Publié par - 22 septembre 2022

Catégorie(s): Cinéma, Sorties DVD/BR/Livres

Retour à Reims, le livre de Didier Éribon, offre de multiples pistes thématiques. Trop pour un seul film. Aussi l’adaptation filmique proposée par Jean-Gabriel Périot porte un titre qui traduit les intentions de l’entreprise, Retour à Reims (fragments). Tout est dit. Des choix ont été faits pour isoler et traiter deux problématiques soulevées par le livre de Didier Éribon : la condition ouvrière des années 1930 à aujourd’hui et la place réservée aux femmes dans le monde ouvrier.

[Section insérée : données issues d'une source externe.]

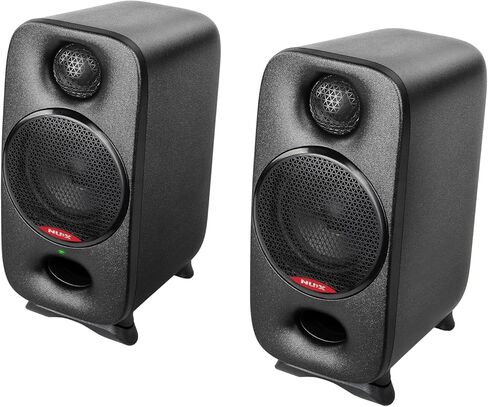 NUX AXON 3 Studio Reference Monitor، مقبس تركيب 3/8 بوصة، موصل 4 سنون، DSP متقدم، إدخال/إخراج صوت مرن، طاقة ثنائية أمبير 90 وات مع مكبرات صوت 3 بوصة، وسادات قدم مغناطيسية، تطبيق EQ للتصحيح الصوتي in Saudi Arabia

Retour à Reims (fragments) est constitué d’archives. C’est un film de montage qui enchaîne des extraits qui viennent prolonger les réflexions invoquées par la voix off d’Adèle Haenel qui lit quelques passages du livre. Le principe de montage tel que mis en pratique par Jean-Gabriel Périot ici suit une logique historique qui coïncide, dans un premier temps, avec une forme de glorification de la classe ouvrière jusqu’à sa disparition et considère, en fin de film, sa possible renaissance.

Ce qui captive dans le film, c’est comment le mélange d’archives fictionnelles avec des courts métrages documentaires (commandés par des organes politiques de gauche) participe de l’édification d’une vision idéalisée de l’ouvrier, de l’ouvrière ou de la classe prolétarienne. Renoir, Dulac, Pabst, Vigo, Diamant-Berger cohabitent avec les images empruntées à des courts-métrages documentaires tels que Grèves d’occupation (1936), À la conquête du bonheur (1947) ou Journées de printemps 1948. L’alternance entre l’expression fictionnelle et le documentaire contribue à matérialiser le corps ouvrier et le corps des ouvrières et des ouvriers. Le corps social et le corps physique fusionnent dans la fabrication cinématographique d’un idéal représentatif en lien direct avec le public majoritairement concerné par le cinéma à l’époque, la classe populaire.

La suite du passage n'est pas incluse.